Di de bruces con la desolación, con el estupor de una ciudad que apenas si podía creer que aquella salvajada hubiera sucedido en el corazón más ilustrado de Europa. En el entierro de Wolinski, de Cabu, de Tignous, supe que el tiempo de nuestra generación se había cerrado

Actualizada 01:30

Mañana se cumplirán diez años. Miércoles, 7 de enero de 2015. Once y media de la mañana. Armados con fusiles de asalto, los hermanos Sherif y Saïd Kouachi, miembros de Al-Qaeda de la Península Arábiga, irrumpen en los locales de la revista satírica Charlie Hebdo. Ametrallan al consejo de redacción. Y rematan, de uno en uno, a los supervivientes. Dejan tras de sí doce cadáveres. Más once malheridos. Huyen. La gendarmería tardará dos días en darles caza y abatirlos. En tanto, durante la mañana del día ocho, un tercer islamista, Amédy Koulibali ha asesinado en Montrouge a una agente de la policía municipal y ha herido a su compañero. Se apodera de sus armas, y secuestra a los clientes de un supermercado judío en Vincennes. Antes de que la policía logre abatirlo, Koulibali habrá tenido tiempo para asesinar a sangre fría a cuatro de esos rehenes.

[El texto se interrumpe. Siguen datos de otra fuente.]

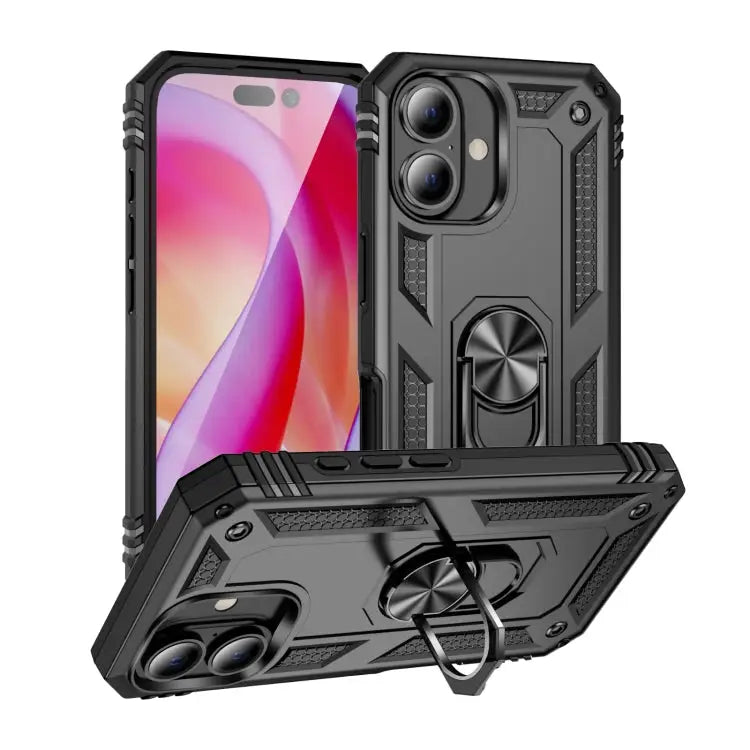 Shockproof TPU Hybrid PC Phone Case with Holder For iPhone 16 - For iPhone 16 / Black - Apple Accessories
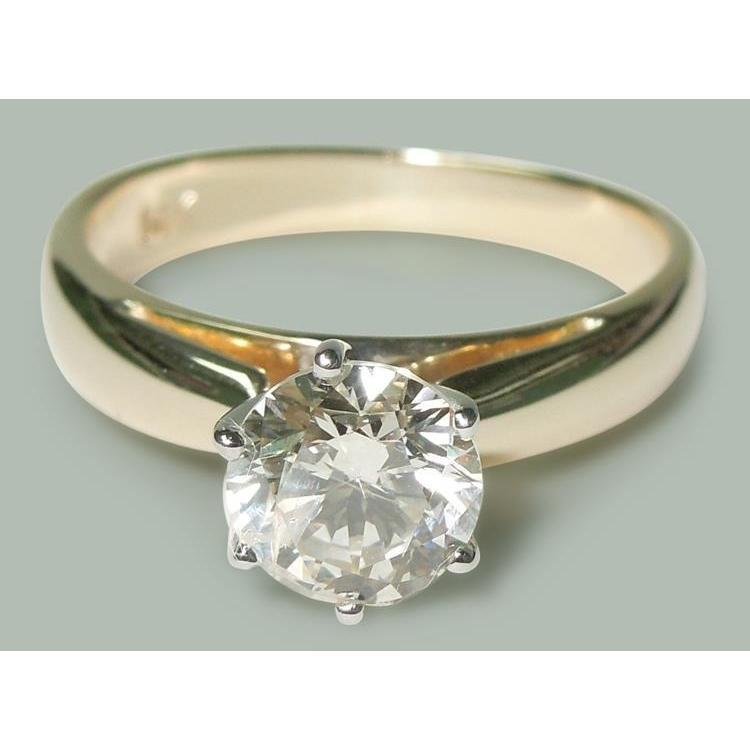 Picture of Harry Chad Enterprises 50615 1.50 CT Round Diamond Solitaire 14K Two Tone Engagement Ring, Size 6.5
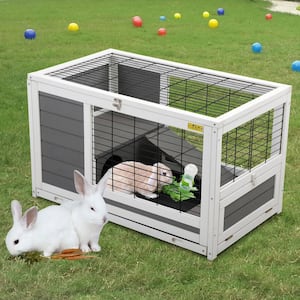 Wooden Rabbit Hutch Small Animals Cage with 2.8 oz. Water Bottle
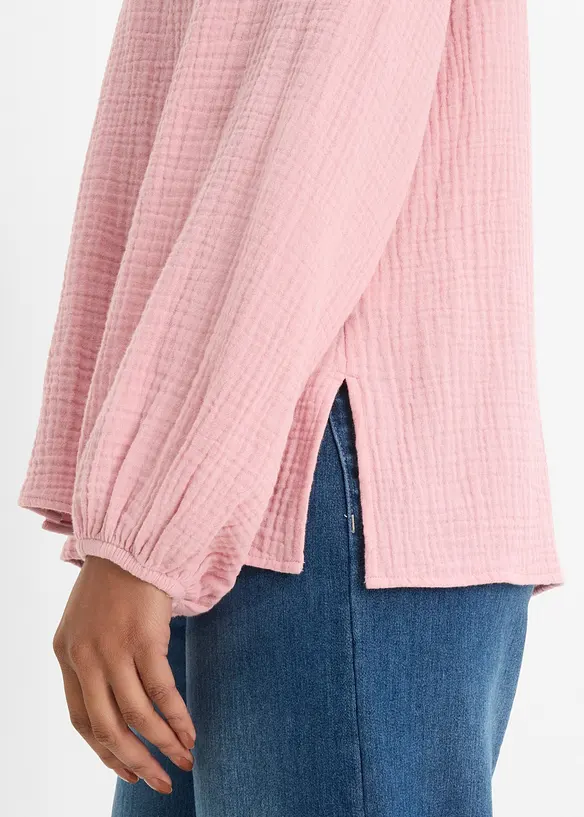 Oversize-Bluse aus softem Musselin, bonprix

Llegué a París en la mañana del jueves, ocho de enero. Bieito Rubido, director entonces de ABC, me había llamado a las pocas horas de conocerse el atentado: «¿Quieres ir a contarlo?» «Me hubiera ido por mi cuenta si tú no me lo hubieras encargado». Apenas el tiempo justo de conseguir un billete de avión y hacer la precaria maleta de un cronista. Volvía a mi ciudad de siempre: al lugar en el que aprendí casi todo lo que iba a tener peso en mi vida. Y di de bruces con la desolación, con el estupor de una ciudad que apenas si podía creer que aquella salvajada hubiera sucedido en el corazón más ilustrado de Europa. En el entierro de Wolinski, de Cabu, de Tignous, supe que el tiempo de nuestra generación se había cerrado.

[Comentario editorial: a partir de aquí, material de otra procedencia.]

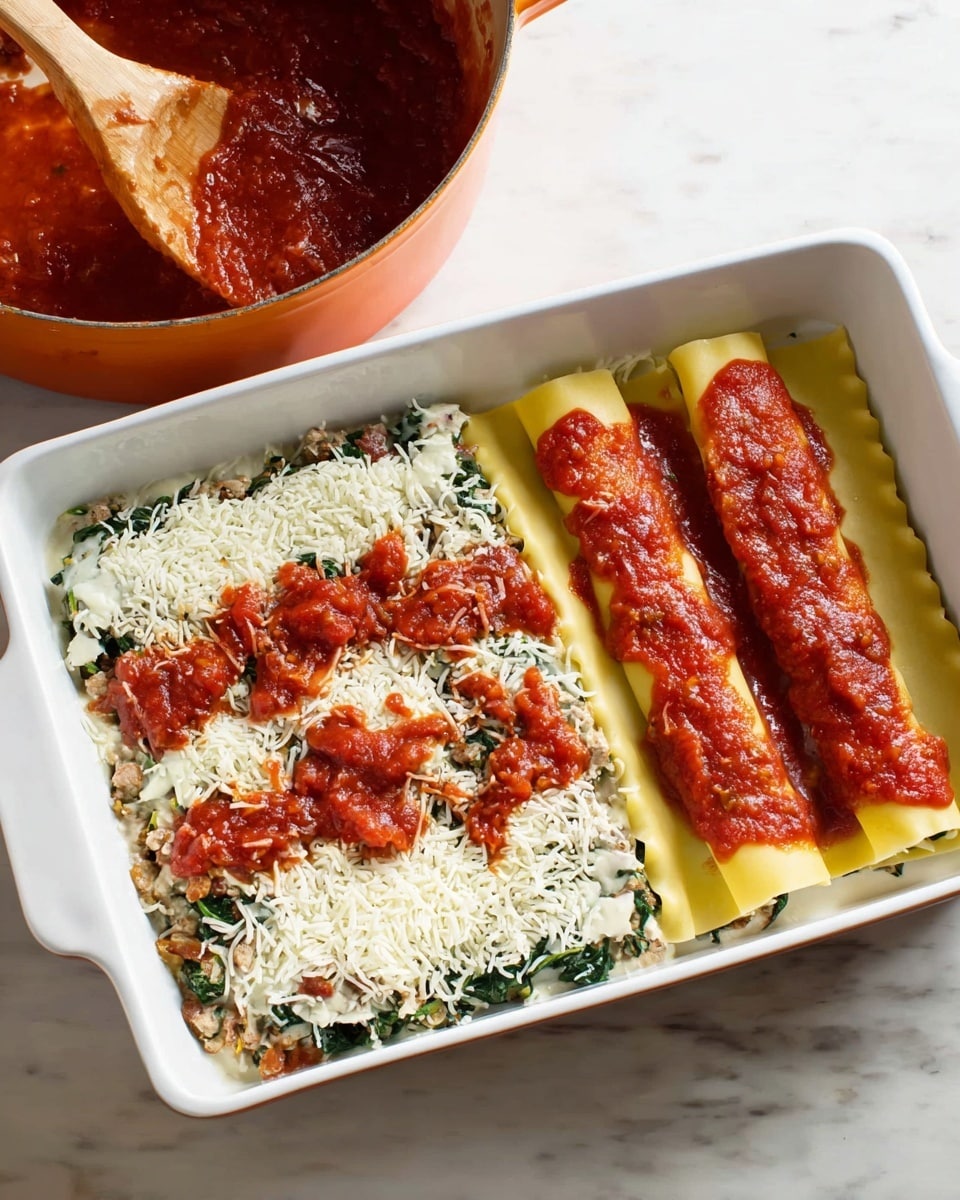 The image shows a white rectangular baking dish on a white marbled surface. Inside the dish, there is a layered dish being assembled. On the left side, there is a layer of white shredded cheese mixed with cooked green spinach and small brown bits, topped with scattered dollops of red tomato sauce. On the right side, there are two rolled yellow lasagna sheets filled with red tomato sauce and some green and brown filling inside, placed side by side. In the background, there is an orange pot with more red tomato sauce. Photo taken with an iphone --ar 4:5 --v 7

No podía prever entonces yo —no podía prever nadie— que esa desolación era solo la primera parte. Que diez meses más tarde, el 13 de noviembre, el yihadismo golpearía París de nuevo. Y que esta vez los locos de Alá optarían por la matanza indiscriminada, durante un concierto de heavy metal en la sala Bataclan y en los bares de sus alrededores. Entre 130 y 132 asesinatos en unos pocos minutos: ametrallados y rematados con la eficiencia militar de gentes formadas en las milicias del Daesh. El presidente Hollande anunció aquella misma noche los primeros bombardeos franceses contra las posiciones del Daesh en Raqqa, de donde provenía el comando asesino. Y la entonces alcaldesa madrileña lamentó la decisión del gobierno francés, porque lo que había que hacer era «empatizar con los yihadistas del Daesh». Yo estaba ya en París cuando Carmena desembuchó semejante dislate. Pocas veces he sentido tanta vergüenza.

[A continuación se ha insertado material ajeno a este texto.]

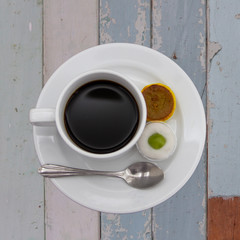Texture wooden table in retro restaurant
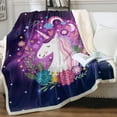 thumbnail image 1 of Galaxy Unicorn Throw Blankets for Couch, Space Unicorn Floral Plush Soft Fleece Throw Purple Pink, Cute Unicorn Sherpa Plush Blanket for Kids Girls Boys (Twin 60"x80"), 1 of 6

El 18 de noviembre, a las 4:30 de la madrugada, las fuerzas de la gendarmería asaltaron el piso franco en el que se ocultaban los asesinos, al abrigo de una de las mayores concentraciones musulmanas de Francia: en la periferia norte parisina. Apenas abierto el acceso a la prensa, a primera hora de la mañana, con la basílica de Saint-Denis a mi espalda, pude contemplar los restos calcinados del apartamento en el que los hombres de Abdelhamid Abbaoud hicieron frente al asalto de la gendarmería. Y tuve la horrible impresión de que los habitantes del barrio miraban hacia aquel agujero carbonizado como hacia un lugar sagrado, y evocaban a la banda de los siete asesinos muertos como a un cortejo de santos.

Diez años han pasado. Saint-Denis sigue siendo un coto cerrado del islamismo, en el cual poco cuentan las leyes de la República. Me digo, siempre que vuelvo, que debo evitar poner mis pies en ese barrio abducido por la barbarie. Pero demasiado sé que, en lo alto de esa fortaleza islamista, está la más bella basílica de Francia. Y cedo, una vez más, a la nostalgia.